Exactly two among the sixteen two-argument boolean functions (see this or page 26 of Gries & Schneider) are irreflexive and symmetric. Identify them.
The next two problems involve exercises from pages 38-39 of the Gries & Schneider text.
5. Do parts (e) through (h) of Exercise 2.2.
6. Do Exercise 2.5. Remember that the first step is to assign "names" (boolean variables) to the atomic sub-propositions (e.g., "It's raining.").
7. In each step in the proof below, Leibniz (often with an assist from Substitution) is applied. That is, in going from each line to the next, some subexpression E is replaced by an expression F such that E = F (or possibly F = E) is an instantiation of (i.e., the conclusion of applying Substitution to) one of the theorems in our arsenal. (That is, E = F (or else F = E) is P[r:=Q], where P is a theorem in our arsenal, r is a list of variables, and Q is a list (of length equal to r) of expressions.)
Here, the only theorems used are axioms (3.1), (3.2), and (3.3). Fill in each "hint" so as to inform the reader which theorem (and which instantiation of it) was used. The first hint is filled in for you. Also, somehow highlight the subexpressions E and F in each step. In the first step below, the former is underlined and the latter is in boldface.

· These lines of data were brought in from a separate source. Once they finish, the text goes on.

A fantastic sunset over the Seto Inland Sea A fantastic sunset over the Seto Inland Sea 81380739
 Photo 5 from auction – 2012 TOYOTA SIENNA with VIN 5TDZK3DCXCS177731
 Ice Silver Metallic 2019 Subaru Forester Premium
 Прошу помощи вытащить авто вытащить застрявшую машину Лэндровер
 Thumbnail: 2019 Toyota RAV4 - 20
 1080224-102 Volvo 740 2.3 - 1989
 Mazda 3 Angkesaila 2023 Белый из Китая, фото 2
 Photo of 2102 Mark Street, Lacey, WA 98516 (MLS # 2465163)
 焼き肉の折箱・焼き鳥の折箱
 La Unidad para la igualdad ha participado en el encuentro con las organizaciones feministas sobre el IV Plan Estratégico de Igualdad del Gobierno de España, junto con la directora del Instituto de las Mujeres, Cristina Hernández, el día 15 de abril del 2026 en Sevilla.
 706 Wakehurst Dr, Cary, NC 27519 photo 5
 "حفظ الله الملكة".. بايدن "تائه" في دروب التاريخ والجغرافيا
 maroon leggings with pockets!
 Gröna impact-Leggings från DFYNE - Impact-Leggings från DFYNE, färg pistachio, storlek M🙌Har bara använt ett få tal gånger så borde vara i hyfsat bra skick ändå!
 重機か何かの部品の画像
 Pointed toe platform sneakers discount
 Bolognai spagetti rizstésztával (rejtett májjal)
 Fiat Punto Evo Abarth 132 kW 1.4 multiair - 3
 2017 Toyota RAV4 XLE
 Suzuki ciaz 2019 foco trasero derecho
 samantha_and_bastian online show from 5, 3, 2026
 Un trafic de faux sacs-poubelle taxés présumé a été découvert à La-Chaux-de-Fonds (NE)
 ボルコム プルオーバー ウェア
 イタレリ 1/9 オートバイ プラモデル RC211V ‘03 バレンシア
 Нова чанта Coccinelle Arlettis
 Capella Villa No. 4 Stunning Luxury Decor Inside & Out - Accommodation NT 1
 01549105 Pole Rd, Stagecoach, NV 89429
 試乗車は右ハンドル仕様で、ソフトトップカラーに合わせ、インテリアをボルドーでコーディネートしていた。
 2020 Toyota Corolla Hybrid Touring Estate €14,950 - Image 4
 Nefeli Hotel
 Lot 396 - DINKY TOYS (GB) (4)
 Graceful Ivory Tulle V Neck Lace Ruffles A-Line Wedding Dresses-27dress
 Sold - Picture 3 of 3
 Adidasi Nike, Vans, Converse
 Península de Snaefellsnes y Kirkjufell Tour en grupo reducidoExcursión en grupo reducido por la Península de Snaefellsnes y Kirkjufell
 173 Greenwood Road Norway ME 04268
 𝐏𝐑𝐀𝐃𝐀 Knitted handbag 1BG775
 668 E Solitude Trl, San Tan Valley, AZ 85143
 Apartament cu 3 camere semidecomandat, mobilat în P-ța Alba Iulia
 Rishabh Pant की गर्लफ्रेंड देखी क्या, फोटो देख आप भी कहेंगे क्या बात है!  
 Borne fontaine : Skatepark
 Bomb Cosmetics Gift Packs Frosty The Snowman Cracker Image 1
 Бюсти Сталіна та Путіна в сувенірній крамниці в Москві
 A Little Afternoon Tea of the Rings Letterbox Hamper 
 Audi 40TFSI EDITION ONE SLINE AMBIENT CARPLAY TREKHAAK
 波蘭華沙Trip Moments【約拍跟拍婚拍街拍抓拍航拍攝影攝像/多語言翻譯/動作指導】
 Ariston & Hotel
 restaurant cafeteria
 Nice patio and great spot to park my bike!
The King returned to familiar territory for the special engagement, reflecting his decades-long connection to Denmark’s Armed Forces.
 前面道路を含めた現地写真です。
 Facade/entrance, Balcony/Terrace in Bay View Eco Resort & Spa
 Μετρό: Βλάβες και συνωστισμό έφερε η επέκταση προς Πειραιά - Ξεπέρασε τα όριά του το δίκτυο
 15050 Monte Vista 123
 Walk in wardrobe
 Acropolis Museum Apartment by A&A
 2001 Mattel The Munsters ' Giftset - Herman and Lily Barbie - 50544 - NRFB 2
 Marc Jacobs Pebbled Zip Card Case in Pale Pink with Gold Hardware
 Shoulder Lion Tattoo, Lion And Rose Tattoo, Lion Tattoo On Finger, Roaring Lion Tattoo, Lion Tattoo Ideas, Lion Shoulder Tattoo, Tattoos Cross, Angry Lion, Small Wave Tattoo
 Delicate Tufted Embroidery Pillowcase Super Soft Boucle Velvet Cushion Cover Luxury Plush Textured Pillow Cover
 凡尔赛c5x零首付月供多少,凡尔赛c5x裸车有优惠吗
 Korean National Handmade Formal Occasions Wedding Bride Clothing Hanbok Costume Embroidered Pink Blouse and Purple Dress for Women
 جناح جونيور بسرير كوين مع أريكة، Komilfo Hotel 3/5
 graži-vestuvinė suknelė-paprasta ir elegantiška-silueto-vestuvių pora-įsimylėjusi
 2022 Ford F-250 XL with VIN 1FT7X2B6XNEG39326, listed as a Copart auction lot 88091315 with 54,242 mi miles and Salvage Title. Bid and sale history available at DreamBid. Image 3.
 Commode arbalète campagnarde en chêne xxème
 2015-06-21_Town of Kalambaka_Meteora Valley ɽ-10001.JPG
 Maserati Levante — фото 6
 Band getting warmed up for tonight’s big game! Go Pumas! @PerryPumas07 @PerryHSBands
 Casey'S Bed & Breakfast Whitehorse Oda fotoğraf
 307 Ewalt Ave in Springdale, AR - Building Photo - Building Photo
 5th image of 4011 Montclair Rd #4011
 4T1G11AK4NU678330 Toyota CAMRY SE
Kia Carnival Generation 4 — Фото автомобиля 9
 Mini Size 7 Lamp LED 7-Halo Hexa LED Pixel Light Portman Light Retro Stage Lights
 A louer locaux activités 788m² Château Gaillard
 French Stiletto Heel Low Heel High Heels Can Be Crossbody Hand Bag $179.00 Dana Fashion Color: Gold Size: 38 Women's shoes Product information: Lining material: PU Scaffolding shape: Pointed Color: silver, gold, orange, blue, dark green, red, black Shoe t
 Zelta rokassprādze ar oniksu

(p ≡ q) ≡ (true ≡ (q ≡ r))
= < (3.3), with q:=p >
(p ≡ q) ≡ ((p ≡ p) ≡ (q ≡ r))
= < >
(p ≡ q) ≡ (p ≡ (p ≡ (q ≡ r)))
= < >
(p ≡ q) ≡ (p ≡ ((p ≡ q) ≡ r))
= < >
(p ≡ q) ≡ (((p ≡ q) ≡ r) ≡ p)
= < >
(p ≡ q) ≡ ((p ≡ q) ≡ (r ≡ p))
= < >
((p ≡ q) ≡ (p ≡ q)) ≡ (r ≡ p)
= < >
true ≡ (r ≡ p)
= < >
r ≡ p
|
The remaining problems ask you to prove a theorem. In each case, you are to use only lower-numbered theorems than the one being proved. (For example, to prove Theorem (3.12), you may use only theorems up to (3.11).) Here are the theorems.
8. Do Exercise 3.8, which is to prove Double Negation: (3.12) ¬¬p ≡ p
9. Do Exercise 3.9, which is to prove Negation of false: (3.13) ¬false ≡ true
10. Do an augmented version of Exercise 3.11, which is to prove Theorem (3.15) ¬p ≡ p ≡ false
Prove it in two different ways. As the textbook suggests, one proof should transform ¬p ≡ p ≡ false to true with the help of Theorem (3.11). A second proof should transform ¬p ≡ p to false.